Actually, Perl 6 will (assuming they ever finish it) finally allow regex matching against input streams:

http://dev.perl.org/perl6/doc/design/syn/S05.html

It's a big document. Search for the text "Matching against non-strings"

This kind of thing was one of the main arguments I made in my "Why Strings as Classes" thread, that got everyone's panties in a bunch and that no one else agreed with.

In that thread, I argued that Strings should be objects so that they can implement a CharSequence interface (or something like it). And then all the standard text-processing stuff could be written against that interface, allowing regex engines and parsers to be agnostic about whether they read from an actual in-memory string or from a (file|database|socket) input stream.

With the range proposal on the table, I'd be just as happy if all the D text-processing stuff in the standard libs was implemented against a Range!(T), where T is one of the char types. Especially if ranges can be infinite.

Bill Baxter wrote:
> Hmm, for FSMs you can't really define a good end state.  There may not
> be any particular end state. ... ah, but wait I forgot.  That's the
> beauty of a range -- the end "state" doesn't have to be a "state" per
> se.  It can be any predicate you want it to be.  "Range" is misleading
> in this case.  This is one of those cases where you just have to
> remember "range" means "current value plus stopping criterion".

That's what I was saying earlier.

I think the mechanics are good. And for contiguous, sequential containers, the word "range" is great. For other types of containers, or other selection/iteration scenarios, you can shoehorn your mental model into the "range" metaphor. But it's weird.

--benji
September 11, 2008
Benji Smith <dlanguage@benjismith.net> wrote:
> Bill Baxter wrote:
> > Hmm, for FSMs you can't really define a good end state.  There may not be any particular end state. ... ah, but wait I forgot.  That's the beauty of a range -- the end "state" doesn't have to be a "state" per se.  It can be any predicate you want it to be.  "Range" is misleading in this case.  This is one of those cases where you just have to remember "range" means "current value plus stopping criterion".
> 
> That's what I was saying earlier.
> 
> I think the mechanics are good. And for contiguous, sequential containers, the word "range" is great. For other types of containers, or other selection/iteration scenarios, you can shoehorn your mental model into the "range" metaphor. But it's weird.
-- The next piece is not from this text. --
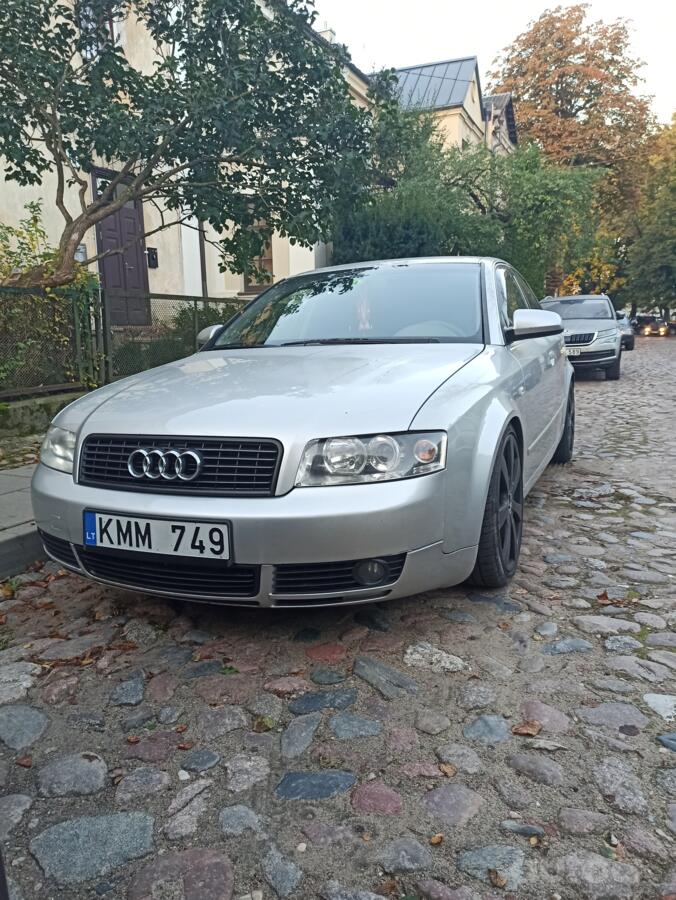 Audi A4 B6 Sedan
It seems to me like a misuse of ranges.  Do you really want to iterate over a state machine?  FSM is a mailbox with a 'message' hole.  You put messages into it and it does things.  How do you iterate over a mailbox?
September 11, 2008
Sergey Gromov wrote:
> Benji Smith <dlanguage@benjismith.net> wrote:
>> Bill Baxter wrote:
>>> Hmm, for FSMs you can't really define a good end state.  There may not
>>> be any particular end state. ... ah, but wait I forgot.  That's the
>>> beauty of a range -- the end "state" doesn't have to be a "state" per
>>> se.  It can be any predicate you want it to be.  "Range" is misleading
>>> in this case.  This is one of those cases where you just have to
>>> remember "range" means "current value plus stopping criterion".
>> That's what I was saying earlier.
>>
>> I think the mechanics are good. And for contiguous, sequential containers, the word "range" is great. For other types of containers, or other selection/iteration scenarios, you can shoehorn your mental model into the "range" metaphor. But it's weird.
> 
> It seems to me like a misuse of ranges.  Do you really want to iterate over a state machine?  FSM is a mailbox with a 'message' hole.  You put messages into it and it does things.  How do you iterate over a mailbox?
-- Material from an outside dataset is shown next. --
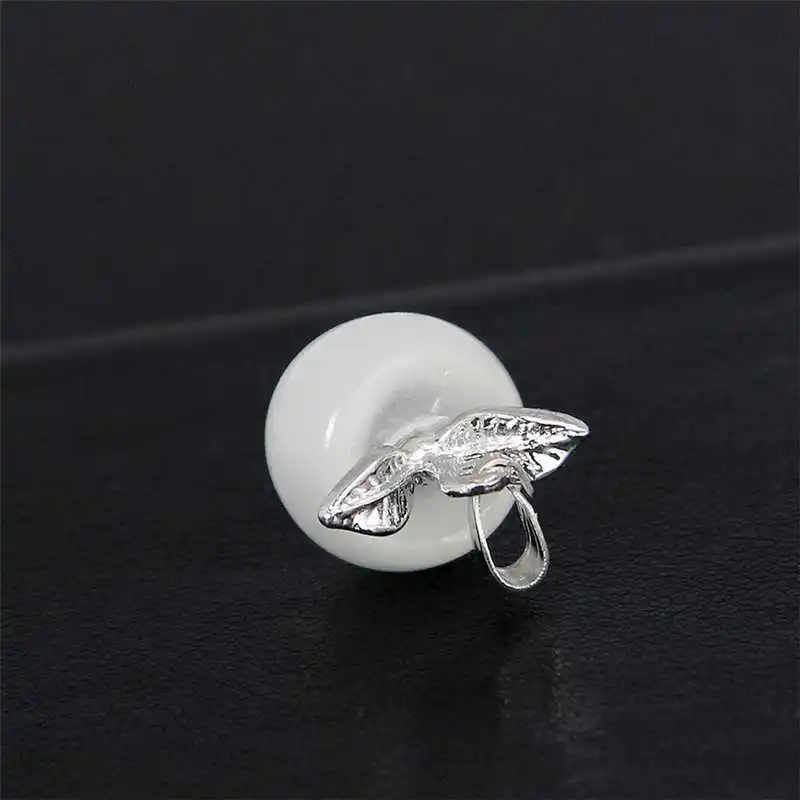 Lovely-Gift-Clavicular-Chain-Simple-Crystal-Jewelry-Hot-Fashion-for-Women-Accessories-Cat-Eye-Apple-Pendant (1)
Well, no. Not when you put it like that.

The example I posted earlier went something like this:

   MarkovModel<ApplicationState> model = ...;
   for (ApplicationState state : model) {
      state.doStuff();
   }

It's not a bad abstraction. The model handles all of the semantics of calculating the transition probabilities and selecting the next state, so that the foreach loop doesn't have to muss with those details.

Yeah, it's a total misuse of the "range" metaphor, and that's exactly what I'm saying. In Java, where I implemented this project, an "iterator" is a tiny bit of logic for returning objects in a (potentially endless, potentially reversible) sequence, primarily to support looping constructs. Just because there's no underlying range of objects doesn't mean they're not iterable.
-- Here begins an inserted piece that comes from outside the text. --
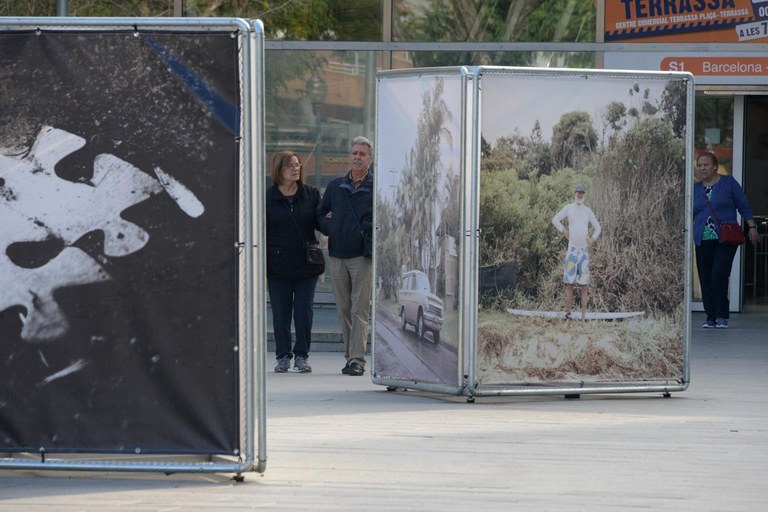 Fotografías en la Nova Estació (foto: Localpres)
Of course, Java iterators are *much* more limited constructs than these new D ranges. But I still think the concept has merit. And, like you said, calling them ranges makes them seem stupid. Because they're not ranges.

--benji
September 11, 2008
Benji Smith <dlanguage@benjismith.net> wrote:
> Sergey Gromov wrote:
> > Benji Smith <dlanguage@benjismith.net> wrote:
> >> Bill Baxter wrote:
> >>> Hmm, for FSMs you can't really define a good end state.  There may not be any particular end state. ... ah, but wait I forgot.  That's the beauty of a range -- the end "state" doesn't have to be a "state" per se.  It can be any predicate you want it to be.  "Range" is misleading in this case.  This is one of those cases where you just have to remember "range" means "current value plus stopping criterion".
> >> That's what I was saying earlier.
> >>
> >> I think the mechanics are good. And for contiguous, sequential containers, the word "range" is great. For other types of containers, or other selection/iteration scenarios, you can shoehorn your mental model into the "range" metaphor. But it's weird.
> > 
> > It seems to me like a misuse of ranges.  Do you really want to iterate over a state machine?  FSM is a mailbox with a 'message' hole.  You put messages into it and it does things.  How do you iterate over a mailbox?
> 
> Well, no. Not when you put it like that.
> 
> The example I posted earlier went something like this:
> 
>     MarkovModel<ApplicationState> model = ...;
>     for (ApplicationState state : model) {
>        state.doStuff();
>     }
> 
> It's not a bad abstraction. The model handles all of the semantics of calculating the transition probabilities and selecting the next state, so that the foreach loop doesn't have to muss with those details.
> 
> Yeah, it's a total misuse of the "range" metaphor, and that's exactly what I'm saying. In Java, where I implemented this project, an "iterator" is a tiny bit of logic for returning objects in a (potentially endless, potentially reversible) sequence, primarily to support looping constructs. Just because there's no underlying range of objects doesn't mean they're not iterable.
> 
> Of course, Java iterators are *much* more limited constructs than these new D ranges. But I still think the concept has merit. And, like you said, calling them ranges makes them seem stupid. Because they're not ranges.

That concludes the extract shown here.